Each line of the data below that carries the word "Daughter" needs to be copied.
== Segment start ==
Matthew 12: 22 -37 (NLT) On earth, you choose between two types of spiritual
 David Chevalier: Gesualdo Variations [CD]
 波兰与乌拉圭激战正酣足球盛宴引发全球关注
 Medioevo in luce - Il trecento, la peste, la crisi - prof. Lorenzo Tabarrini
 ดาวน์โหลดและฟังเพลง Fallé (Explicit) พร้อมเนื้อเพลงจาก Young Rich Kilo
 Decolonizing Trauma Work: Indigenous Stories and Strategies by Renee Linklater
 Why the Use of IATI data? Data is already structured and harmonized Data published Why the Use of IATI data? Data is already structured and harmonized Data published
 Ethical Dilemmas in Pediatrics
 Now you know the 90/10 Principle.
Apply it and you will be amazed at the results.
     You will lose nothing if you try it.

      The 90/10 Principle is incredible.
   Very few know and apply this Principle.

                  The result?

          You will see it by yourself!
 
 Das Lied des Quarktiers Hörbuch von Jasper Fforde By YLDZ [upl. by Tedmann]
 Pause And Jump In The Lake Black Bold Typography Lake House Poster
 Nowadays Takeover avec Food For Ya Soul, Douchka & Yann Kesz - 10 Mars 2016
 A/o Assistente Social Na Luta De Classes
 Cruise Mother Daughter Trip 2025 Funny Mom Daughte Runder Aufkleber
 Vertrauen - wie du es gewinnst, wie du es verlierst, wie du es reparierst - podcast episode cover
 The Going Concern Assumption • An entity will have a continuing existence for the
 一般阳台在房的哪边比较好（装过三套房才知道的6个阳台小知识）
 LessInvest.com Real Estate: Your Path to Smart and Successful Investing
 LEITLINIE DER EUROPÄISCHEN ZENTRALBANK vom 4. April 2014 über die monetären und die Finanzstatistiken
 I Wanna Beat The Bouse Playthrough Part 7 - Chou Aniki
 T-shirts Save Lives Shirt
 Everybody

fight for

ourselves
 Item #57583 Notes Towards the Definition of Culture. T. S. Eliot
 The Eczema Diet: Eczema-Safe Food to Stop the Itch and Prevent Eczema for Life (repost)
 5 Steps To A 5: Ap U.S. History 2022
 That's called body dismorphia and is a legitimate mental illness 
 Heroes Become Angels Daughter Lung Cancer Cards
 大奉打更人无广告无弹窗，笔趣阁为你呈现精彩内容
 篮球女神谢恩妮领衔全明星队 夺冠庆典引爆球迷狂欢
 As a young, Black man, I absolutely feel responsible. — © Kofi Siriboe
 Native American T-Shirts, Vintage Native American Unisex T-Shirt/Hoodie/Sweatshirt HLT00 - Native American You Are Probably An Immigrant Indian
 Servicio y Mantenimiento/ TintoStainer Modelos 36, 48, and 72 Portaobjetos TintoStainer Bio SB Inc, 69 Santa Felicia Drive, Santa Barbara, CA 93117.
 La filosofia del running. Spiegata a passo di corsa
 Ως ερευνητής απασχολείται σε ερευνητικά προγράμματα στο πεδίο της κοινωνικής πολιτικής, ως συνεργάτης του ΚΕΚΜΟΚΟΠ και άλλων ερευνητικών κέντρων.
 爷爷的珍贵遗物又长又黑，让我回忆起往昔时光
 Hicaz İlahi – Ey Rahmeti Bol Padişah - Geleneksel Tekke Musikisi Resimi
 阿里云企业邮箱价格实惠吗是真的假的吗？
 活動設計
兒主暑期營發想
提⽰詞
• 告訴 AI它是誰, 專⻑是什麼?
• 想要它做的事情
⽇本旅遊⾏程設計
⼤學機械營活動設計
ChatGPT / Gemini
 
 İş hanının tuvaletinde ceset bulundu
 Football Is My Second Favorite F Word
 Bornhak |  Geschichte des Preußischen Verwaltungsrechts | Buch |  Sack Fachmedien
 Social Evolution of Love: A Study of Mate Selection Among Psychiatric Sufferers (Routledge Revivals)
== Segment end ==
■ SOLUTION:
 Cruise Mother Daughter Trip 2025 Funny Mom Daughte Runder Aufkleber
 Heroes Become Angels Daughter Lung Cancer Cards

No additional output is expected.